La sua storia: correva l’anno 1624 e un chierico della città di Astorga (Leòn), di nome Juan de Bergara, cominciò a redigere un documento nel quale, lui, e successivamente un’altra persona, la cui identità non si conosce, raccolsero una parte delle conoscenze esistenti all’epoca sulla pesca con la mosca e sulle mosche per la pesca, riportando informazioni che già allora dovevano essere familiari per i pescatori della zona di Leòn. Quell’esemplare unico, che aveva la forma di un quaderno di piccolo formato, un opuscolo, con venti pagine scritte di proprio pugno dai due autori, prese in seguito il nome della città che lo vide nascere e che oggi conosciamo come il Manoscritto di Astorga. Venne scoperto intorno agli anni Trenta del secolo passato e non fu subito possibile studiare in profondità il suo sorprendente contenuto, nonostante le prime notizie riportassero della sua enorme importanza. Poco tempo dopo la morte del suo ultimo proprietario, D. Julio de Campo, il documento si perse, a causa di spostamenti, in mezzo ai volumi della sua biblioteca, fino a che fu di nuovo localizzato all’inizio degli anni Sessanta per venir poi acquisito dalla Provincia di Leòn. Fu in questo periodo che le sue pagine furono fotografate e posteriormente trascritte da D. Jesus Pariente Diez. Grazie al suo lavoro e dedizione, conserviamo oggi il contenuto e la forma del Manoscritto di Astorga. E dico questo, perché nell’anno 1964 la Provincia di Leòn lo regalò al Generale Franco durante una visita alla città di Leòn. Da quel momento se ne persero le tracce e oggi risulta scomparso.

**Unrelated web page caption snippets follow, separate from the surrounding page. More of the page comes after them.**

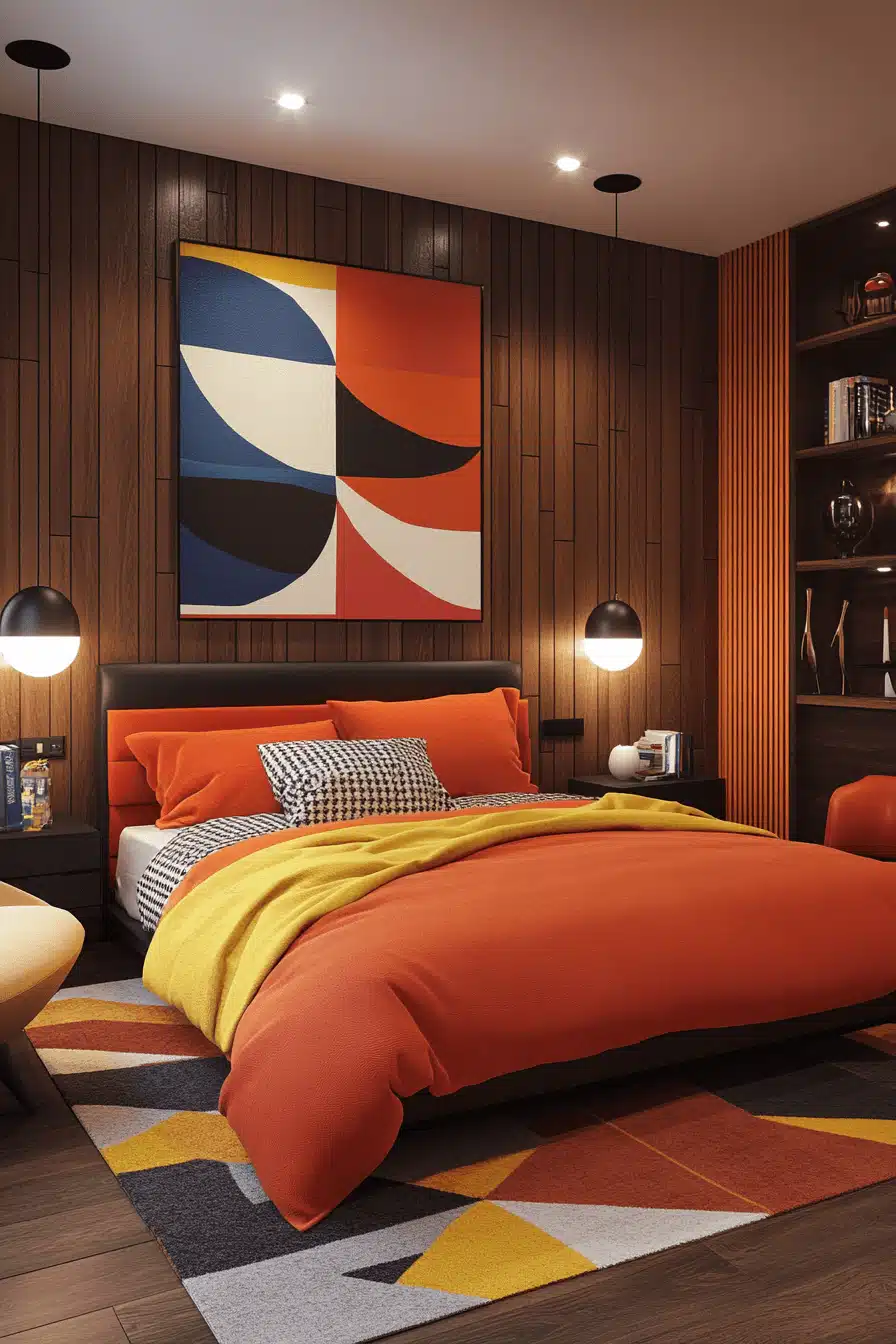 retro bedroom
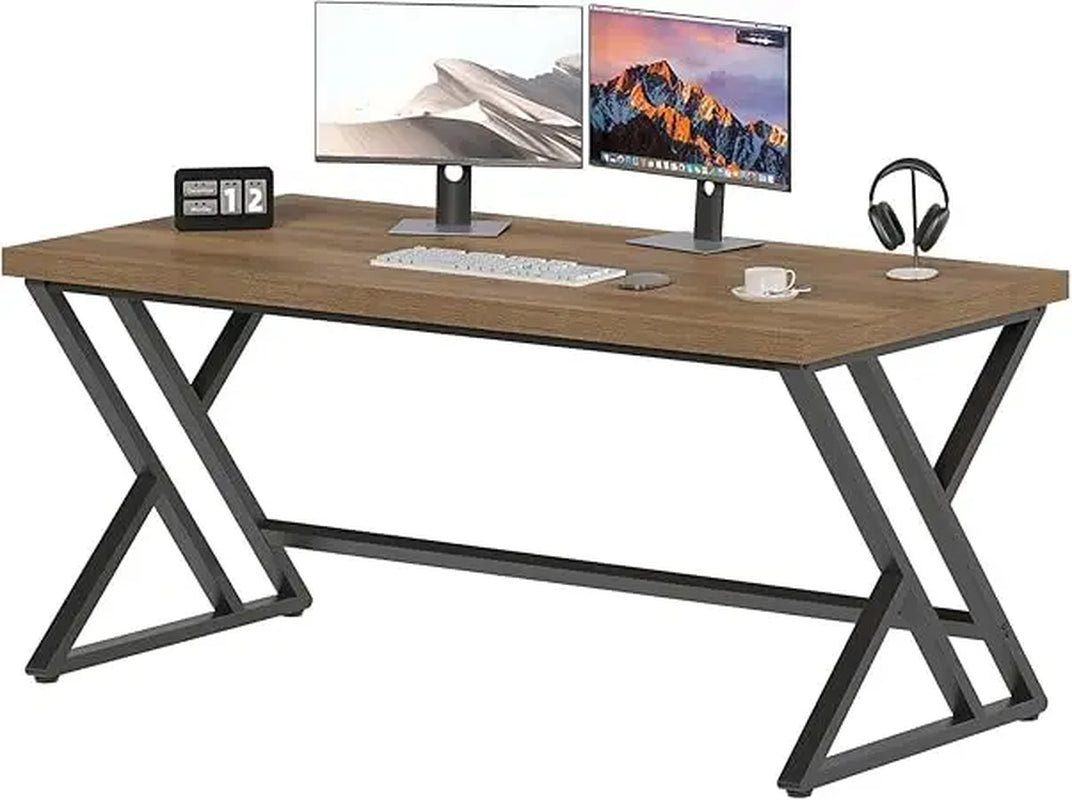Industrial X Desk, Medium Sized Multipurpose Desk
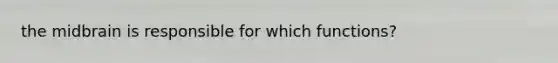 the midbrain is responsible for which functions?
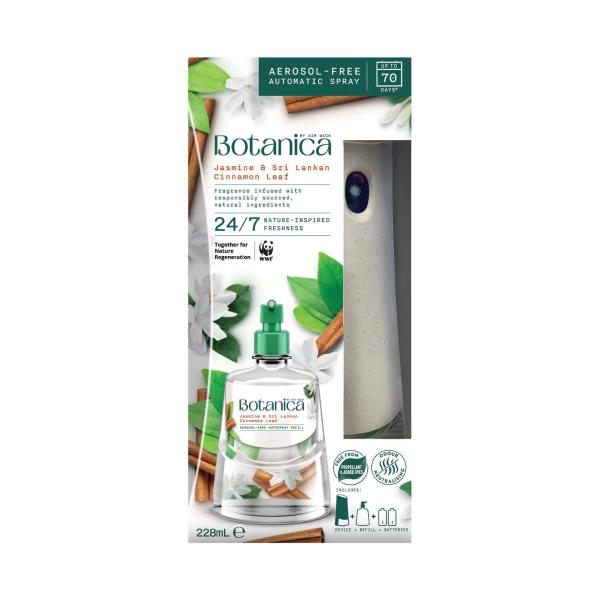 By Air Wick Jasmine & Sri Lankan Cinnamon Leaf Automatic Spray Starter Kit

Il manoscritto e il suo linguaggio: il Manoscritto di Astorga si compone di una successione di ricette per costruire trentasei mosche da pesca, ordinate, come pare fosse l’usanza tra gli antichi scritti di pesca, secondo lo scorrere dei mesi dell’anno. In questo caso da Gennaio fino a San Juan, al finale del mese di Giugno. Leggendo le sue pagine incontriamo prima una calligrafia, meglio dire due, una di ogni autore, relativamente facili da leggere. Il vero problema si incontra quando proviamo a capire quello che i due autori volevano dire e perché. Perciò il primo passo per avvicinarsi al suo contenuto era capire il linguaggio e la sua forma per usarlo come strumento descrittivo. L’assenza di dettagli sulla maniera di procedere per unire tutti i materiali che descrive per realizzare le mosche, le misure, il modo di formare una montatura, come pescare con queste, ci porterebbe a pensare che queste note potrebbero essere appunti personali di proprietà esclusiva dell’autore, oppure per un piccolo gruppo di intenditori. In questo modo si giustificherebbe l’assenza d’istruzioni che invece altri autori nel tempo inserirono nei loro testi con l’intenzione di attrarre un pubblico. Nel Manoscritto di Astorga mancano le spiegazioni, dovuto al fatto che sicuramente dovevano essere state considerate superflue. Dobbiamo riconoscere che questi montaggi che sono arrivati fino a noi dalla ricompilazione manoscritta del 1624 sono il frutto di una tradizione molto anteriore. Altrimenti non avremmo potuto comprendere la semplice, quanto raffinata tecnica, né la elaborata combinazione di materiali. Juan de Bergara avverte che il suo scritto “va preso e utilizzato con un minimo di conoscenza dei libri da parte di pescatori di una certa esperienza”.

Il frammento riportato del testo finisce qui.